At Cleveland the party remained over for a day, and Lincoln was greeted
with the usual friendly enthusiasm. An immense crowd met him at the
depot, and he was escorted to the Weddell House, where a reception was
given him in the evening. Hon. A.G. Riddle, then a resident of
Cleveland, and a newly elected member of the Congress which was to share
with Lincoln the burdens and responsibilities of the Civil War, was
present on that occasion, and furnishes the following interesting
personal recollections of it: "I saw Abraham Lincoln for the first time,
at the Weddell House that evening. He stood on the landing-place at the
top of a broad stairway, and the crowd approached him from below. This
gave him an exaggerated advantage of his six feet four inches of length.
The shapelessness of the lathy form, the shock of coarse black hair
surmounting the large head, the retreating forehead - these were not
apparent where we stood. My heart sprang up to him - the coming man. Of
the thousand times I afterward saw him, the first view remains the most
distinct impression; and never again to me was he more imposing. As we
approached, someone whispered of me to him; he took my hand in both his
for an instant, and we wheeled into the already crowded rooms. His
manner was strongly Western; his speech and pronunciation Southwestern.
Wholly without self-consciousness with men, he was constrained and ill
at ease when surrounded, as he several times was, by fashionably dressed
ladies. One incident of the evening I particularly recall. Ab McElrath
was in the crowd - a handsome giant, an Apollo in youth, of about Mr.
Lincoln's height. What brought it about, I do not know; but I saw them
standing back to back, in a contest of altitude - Mr.
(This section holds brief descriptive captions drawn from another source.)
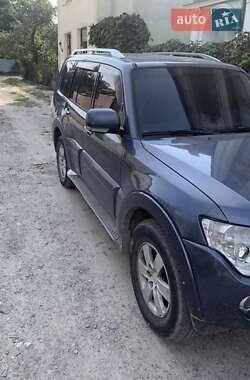 Позашляховик / Кросовер Mitsubishi Pajero 2007 в Львові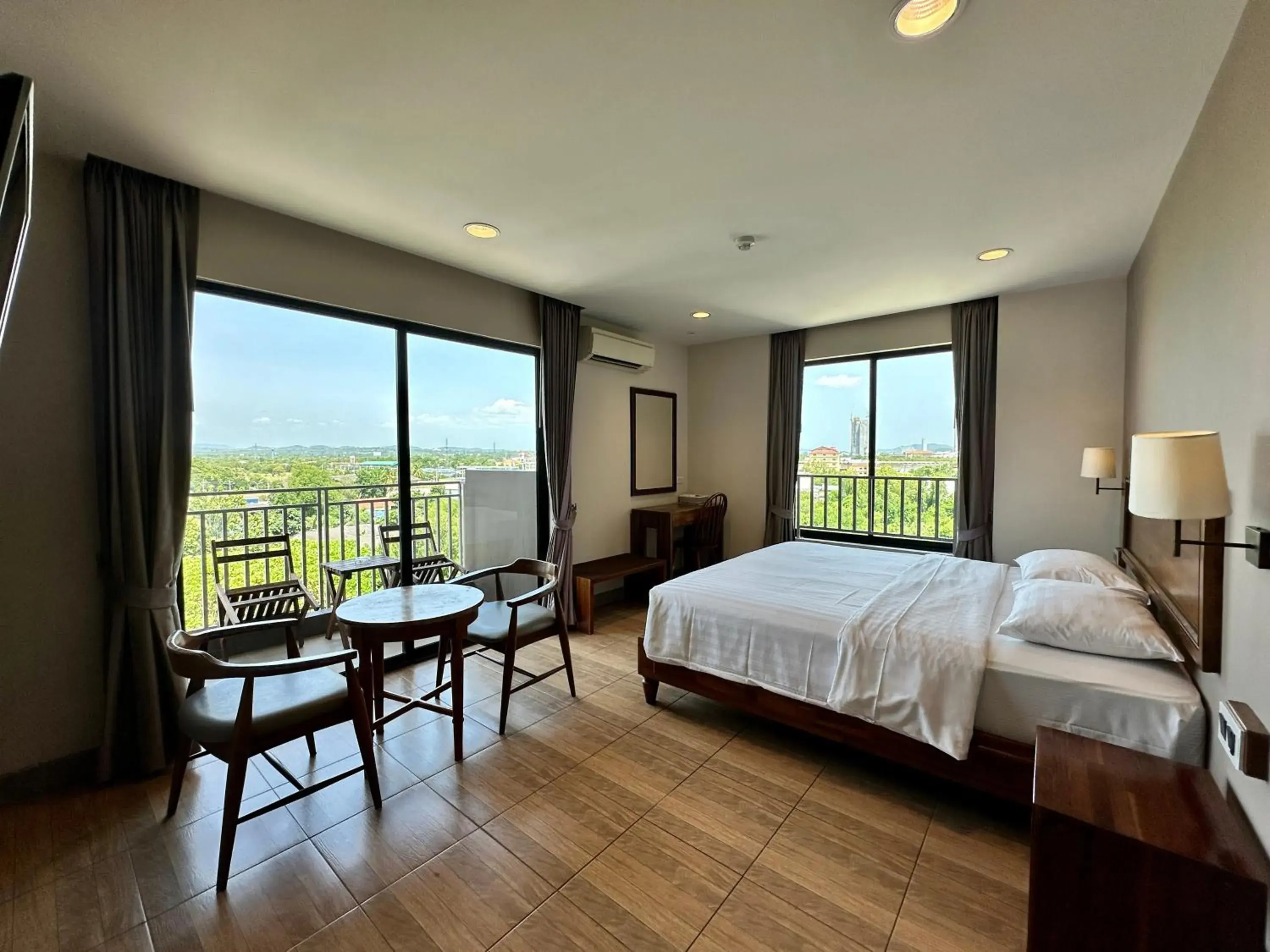 Photo of the whole room, Bed in Mangrove Prestige Hotel Photo of the whole room, Bed in Mangrove Prestige Hotel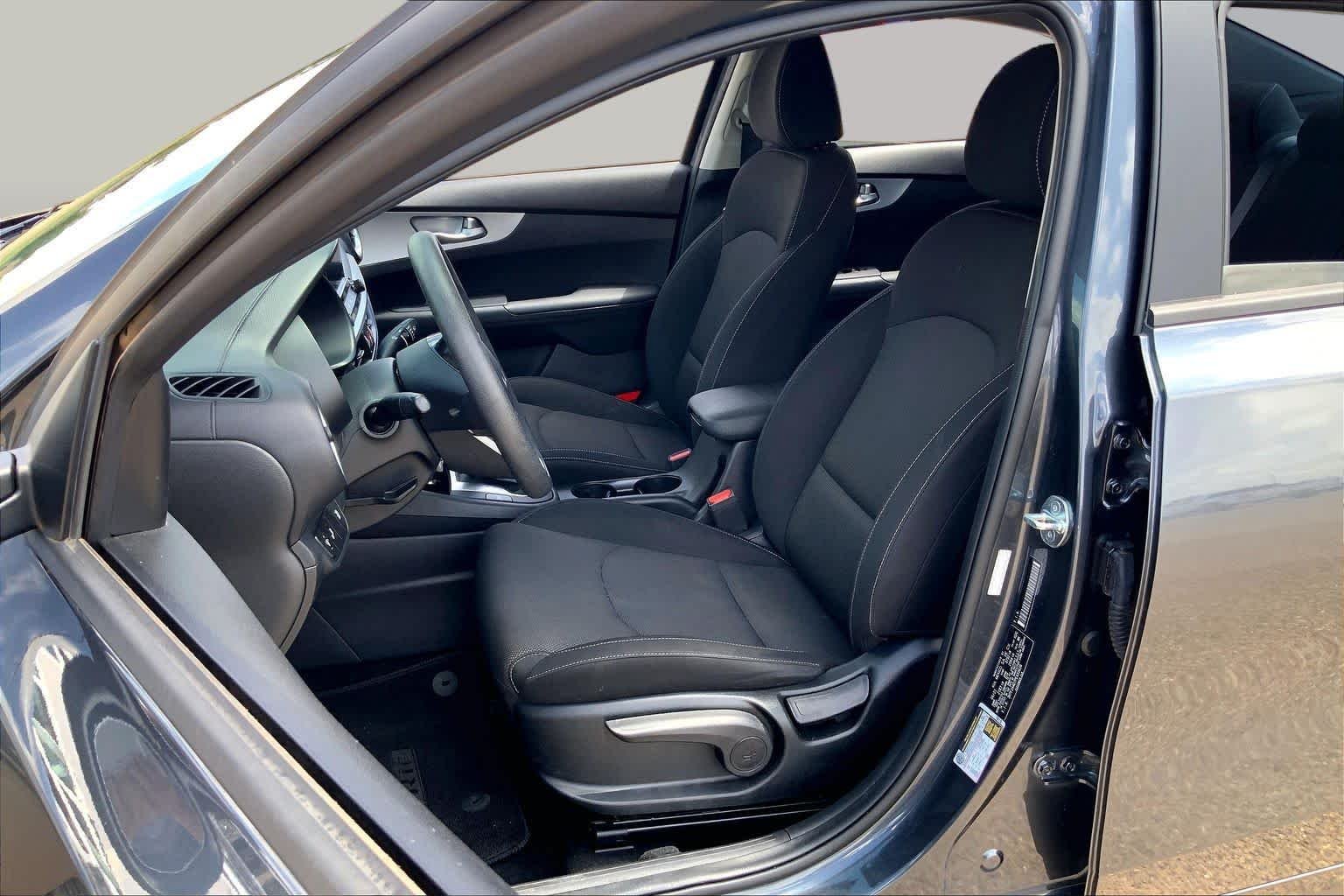 Used 2023 Gravity Gray Kia LXS image 8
Lincoln and Ab
McElrath - the President-elect, the chosen, the nation's leader in the
thick-coming darkness, and the tavern-keeper and fox-hunter. The crowd
applauded.

"Mr. Lincoln presented me to the gentlemen of his party - Mr. Browning,
Mr. Judd, and Mr. Lamon, I remember, as I later became very well
acquainted with them; also the rough-looking Colonel Sumner of the army.
Mr. Lincoln invited me to accompany him for at least a day on his
eastward journey. I joined him the next morning at the station. The
vivacity of the night before had utterly vanished, and the rudely
sculptured cliffy face struck me as one of the saddest I had ever seen.
The eyes especially had a depth of melancholy which I had never seen in
human eyes before. Some things he wished to know from me, especially
regarding Mr. Chase, whom, among others, he had called to Springfield.
He asked me no direct questions, but I very soon found myself speaking
freely to him, and was able to explain some not well-known features of
Ohio politics - and much to his satisfaction, as he let me see. There was
then some talk of Mr. Seward, and more of Senator Cameron. All three had
been his rivals at Chicago, and were, as I then thought, in his mind as
possible Cabinet ministers; although no word was said by him of such an
idea in reference to either. Presently he conducted me to Mrs. Lincoln,
whom I had not before seen. Presenting me, he returned to the gentlemen
of the party, and I saw little more of him except once when he returned
to us, before I left the train. Mrs. Lincoln impressed me very
favorably, as a woman of spirit, intelligence, and decided opinions,
which she put very clearly. Our conversation was mainly of her husband.
I remarked that all the likenesses I had ever seen of him did him
injustice. This evidently pleased her. I suggested that a full beard
from the under lip down (his face was shaven) would relieve and help him
very much. This interested her, and we discussed it and the character
of his face quite fully. The impression I then formed of this most
unfortunate lady was only deepened by the pleasant acquaintance she
permitted, down to the time of the national calamity, which unsettled
her mind as I always thought."

Of the New York City visit, an excellent account is given by the
distinguished preacher and writer, Dr. S. Irenæus Prime. "The country
was at that moment," says Dr. Prime, "in the first throes of the great
rebellion. Millions of hearts were beating anxiously in view of the
advent to power of this untried man. Had he been called of God to the
throne of power at such a time as this, to be the leader and deliverer
of the people? As the carriage in which he sat passed slowly by me on
the Fifth avenue, he was looking weary, sad, feeble, and faint. My
disappointment was excessive; so great, indeed, as to be almost
overwhelming. He did not look to me to be the man for the hour. The next
day I was with him and others in the Governor's room in the City Hall,
when the Mayor of the city made an official address. Mr. Lincoln's reply
was so modest, firm, patriotic, and pertinent, that my fears of the day
before began to subside, and I saw in this new man a promise of great
things to come. It was not boldness or dash, or high-sounding pledges;
nor did he while in office, with the mighty armies of a roused nation at
his command, ever assume to be more than he promised in that little
upper chamber in New York, on his journey to the seat of Government, to
take the helm of the ship of state then tossing in the storm."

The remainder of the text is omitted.